Another major area of difference between a compact digicam and a digital SLR is in the ability to select focus modes. Whereas a compact camera focuses on a subject and then captures the image, a dSLR can easily shoot in Continuous Focus mode, tracking a moving subject and keeping it in focus until, and even after, you press the shutter button.
Continuous Focus, sometimes called Servo, or AI, or Predictive Auto Focus, is designed for sports and wildlife photography where the subject is moving and the photographer is panning the camera along with the subject prior to capturing the image. This mode works on most cameras by pressing the shutter button halfway to activate the metering and focus tracking. (Some cameras have alternative ways to activate focus.) Depending on your camera, one or more focus points (Figure 2.25) will lock onto the subject, and as it moves the lens will change focus to keep the subject sharp.
Figure 2.25. Most digital SLRs have multiple focus points to select from.
When you're ready to capture the image, press the shutter the rest of the way down. You need to be careful when using Continuous Focus mode. It's entirely possible and all too easy to end up with photos that are out of focus and blurry (trust me, I have hundreds of examples).

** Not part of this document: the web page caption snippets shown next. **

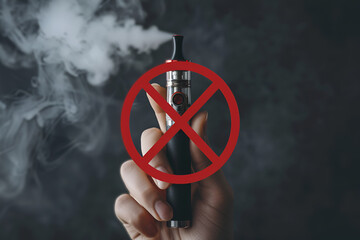 Hand hold electronic cigarette, vape in smoke and prohibition sign. Stop smoke. No Smoking Day. Nicotine addiction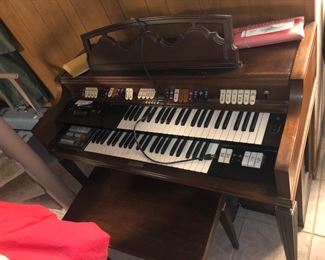 Hiding under the stairs is a Conn 543 Minuet organ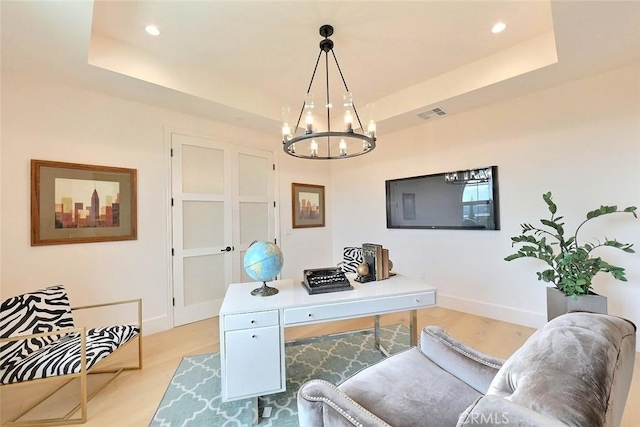 office featuring a raised ceiling, a notable chandelier, and light wood-type flooring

Unless your subject is moving, I suggest you use Single Shot Focus mode (see the next section), which requires your camera to be in focus before taking the photo.
Single Shot Focus
As its name suggests, Single Shot Focus mode locks onto a focus point as the shutter button is pressed and then stays there. Unlike Continuous Focus Mode, which locks into, follows, and maintains focus on a moving subject, Single Shot Focus mode doesn't release the shutter until the camera has focused on the subject. Once you've locked focus on the subject, you can then press the shutter button halfway and recompose the scene, repositioning the subject in another part of the frame. As long as the shutter remains pressed halfway, and the subject hasn't moved, it will remain in focus.